**Information provided:**
┏━━
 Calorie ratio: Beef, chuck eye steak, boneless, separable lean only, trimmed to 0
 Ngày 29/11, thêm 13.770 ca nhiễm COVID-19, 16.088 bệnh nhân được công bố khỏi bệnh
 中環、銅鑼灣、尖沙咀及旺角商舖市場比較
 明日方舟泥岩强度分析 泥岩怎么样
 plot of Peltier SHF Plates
┗━━
┏━━
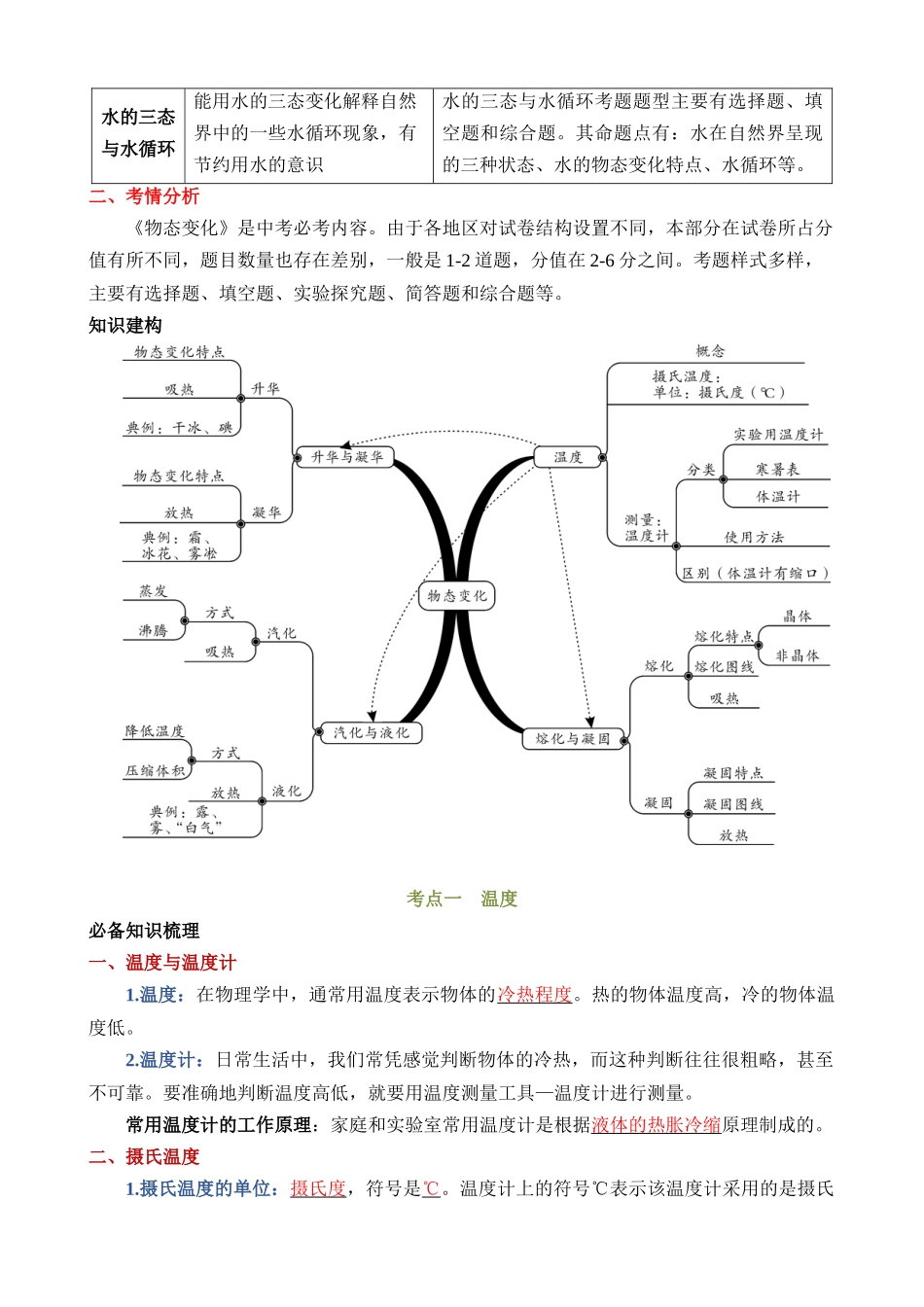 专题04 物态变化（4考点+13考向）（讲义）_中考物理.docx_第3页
┗━━
**Task brief:** In the data above, which lines lie between the line with "Calorie ratio: Beef, chuck" and the line with "plot of Peltier SHF Plates", inclusive? Print those lines exactly and nothing else.

**Exercise output:**
 Calorie ratio: Beef, chuck eye steak, boneless, separable lean only, trimmed to 0
 Ngày 29/11, thêm 13.770 ca nhiễm COVID-19, 16.088 bệnh nhân được công bố khỏi bệnh
 中環、銅鑼灣、尖沙咀及旺角商舖市場比較
 明日方舟泥岩强度分析 泥岩怎么样
 plot of Peltier SHF Plates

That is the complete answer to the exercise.